Your goal >>
Output, exactly and with no pictures, the line that contains "Leseni dinozaver na kolesih Moder" and every line that comes after it in the data below, the last one included.
Exercise material Start Marker
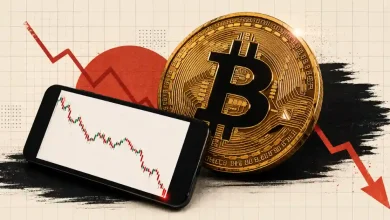 A smartphone showing a plunging candlestick chart next to a large gold Bitcoin coin with a downward red arrow background.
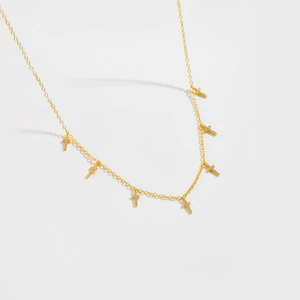 Vue détaillée des pendentifs croix dorés avec strass blancs sur une chaîne fine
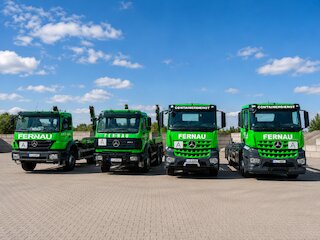 Vier grüne Fernau-Containerdienst-Lkw auf einem gepflasterten Betriebshof unter blauem Himmel. @ 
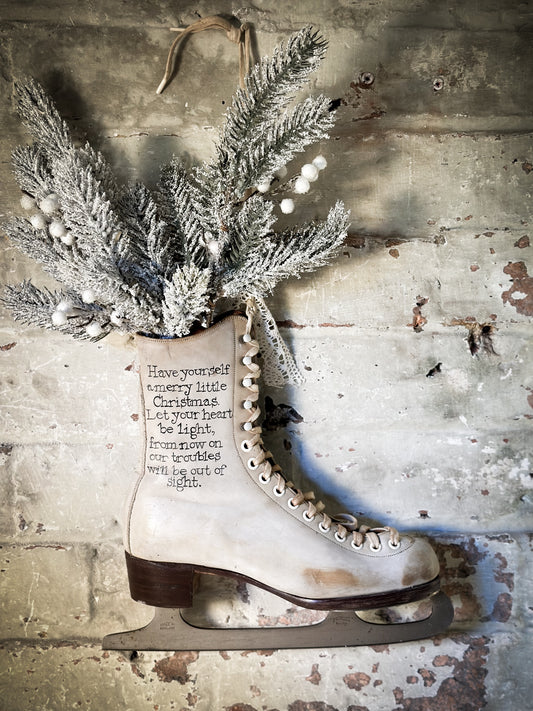 A beautiful vintage Christmas ice skate hand painted using traditional sign writer’s techniques and materials
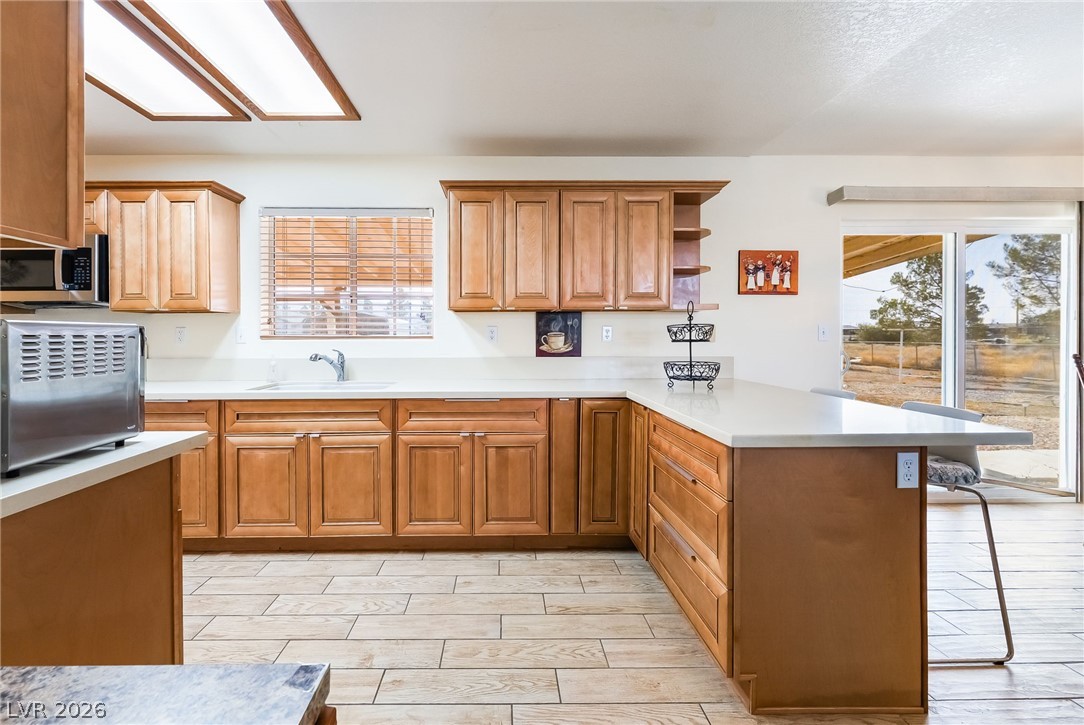 3631 South Blagg Road Pahrump, NV 89048 - Photo 16 of 47 Prepare meals in this kitchen, boasting ample counter space and sliding doors that open to scenic views.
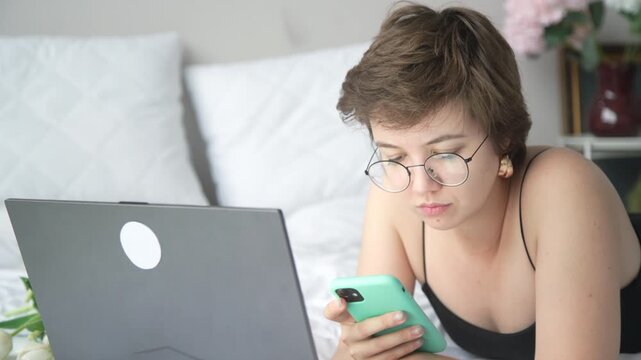 A young beauty blogger expresses authentic emotions while working and talking on the phone &ndash; from focused concentration to joyful reactions. Perfect for lifestyle and digital content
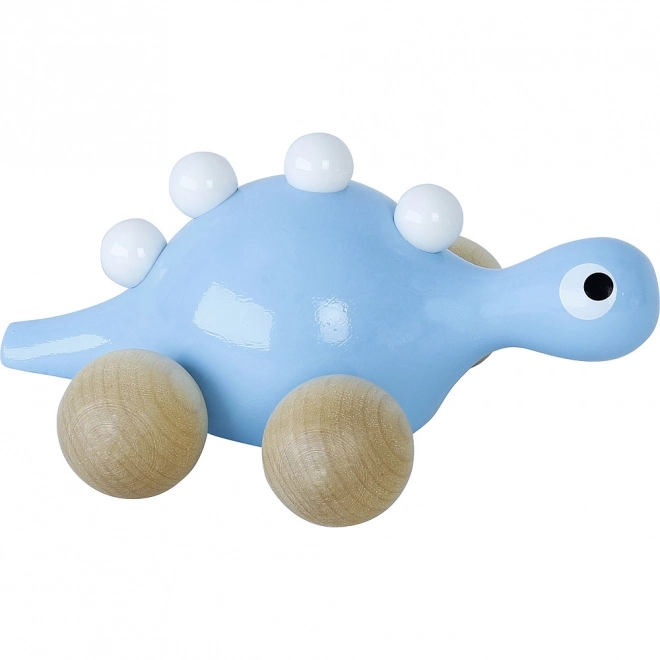 Leseni dinozaver na kolesih Moder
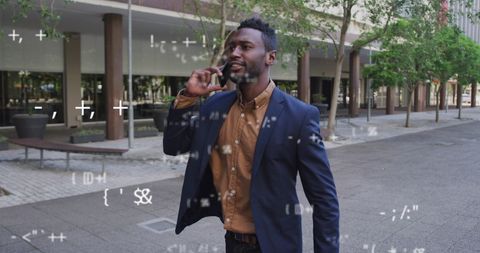 Businessman Discussing Digital Innovation While Walking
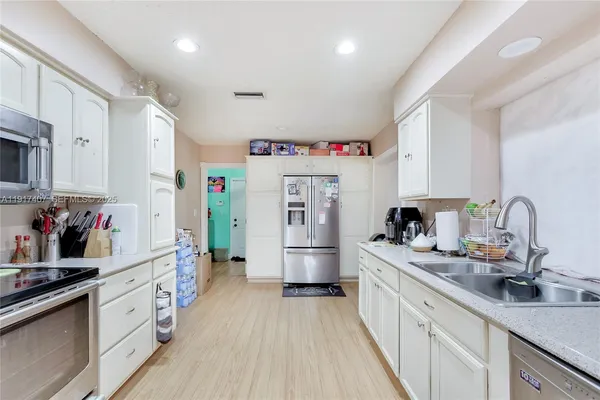 a kitchen with refrigerator a stove top oven a sink and dishwasher with wooden floor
Exercise material End Marker
Response to this exercise >>
 Leseni dinozaver na kolesih Moder
 Businessman Discussing Digital Innovation While Walking
 a kitchen with refrigerator a stove top oven a sink and dishwasher with wooden floor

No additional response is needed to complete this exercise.